This topic describes the disaster recovery of data and services in EMR clusters.

Disaster recovery of data

In HDFS, each file is divided into multiple blocks, each block has three replicas by default, and the replicas are distributed to different racks. You can customize the number of replicas. In most cases, the replication factor of HDFS is 3. One replica is placed on a node of the local rack, another replica is placed on a different node of the same rack, and the last replica is placed on a node of a remote rack.

HDFS scans the replicas on a regular basis. If a replica is missing, HDFS copies the data and generates a new replica. If a node is missing, HDFS restores all data on the node. If you use disks on Alibaba Cloud, three replicas are created for each disk. If an error occurs on one of the replicas, HDFS copies data from another replica to the failed replica to ensure data reliability.

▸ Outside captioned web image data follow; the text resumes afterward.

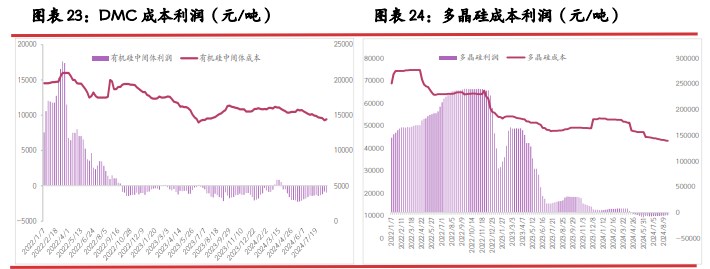 工业硅悲观情绪左右下 价格延续探底节奏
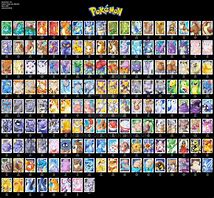Image result for All First Gen Pokemon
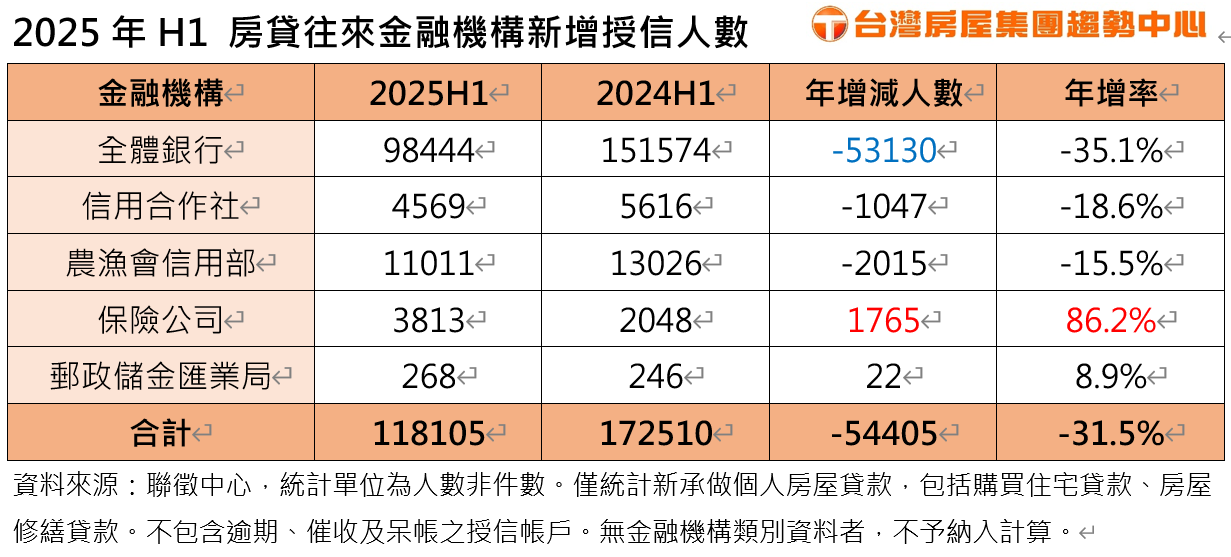 保險業逆勢崛起!第七波信用管制後房貸市場洗牌 申貸人數年增近九成 206 保險業逆勢崛起!第七波信用管制後房貸市場洗牌 申貸人數年增近九成 205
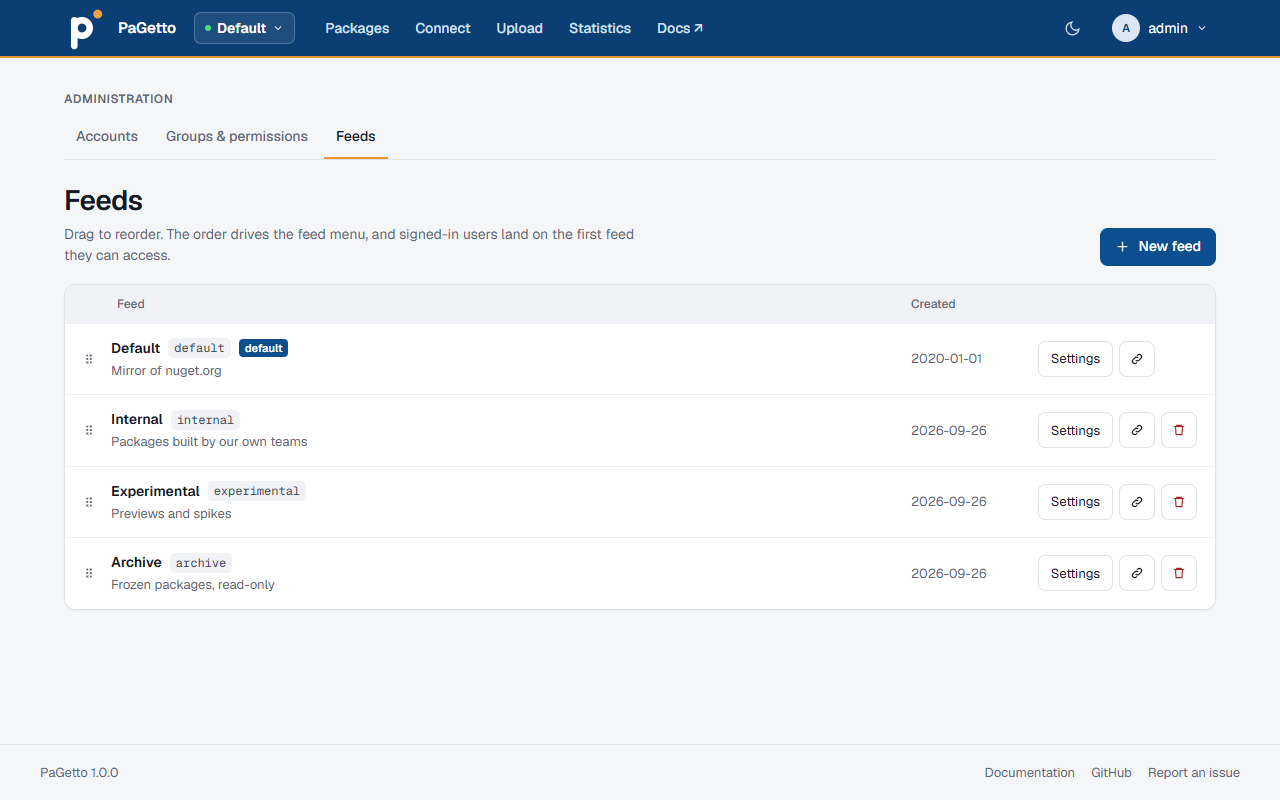 Admin > Feeds with four feeds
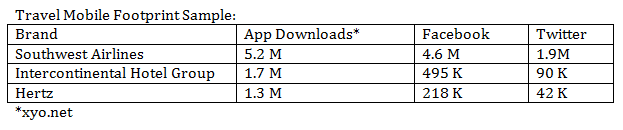 travel-mobile-footprint-sample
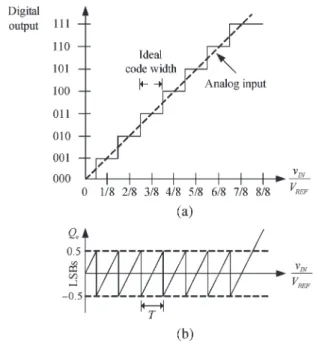 Fig. 1. (a) Transfer curve for an ideal 3-bit ADC. (b) Quantization error for an ideal 3-bit ADC.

HDFS is proven to be a reliable data storage system that provides storage for large volumes of data. You can also integrate HDFS with Object Storage Service (OSS) based on cloud features to back up data. This ensures higher data reliability.

Disaster recovery for services

The core components of HDFS, such as YARN, HDFS, Hive Server, and Hive Meta, are deployed in high availability (HA) mode. In HA mode, at least two nodes are deployed for a service to support disaster recovery. When a node is faulty, the service is switched over to another node to ensure that the service is not affected.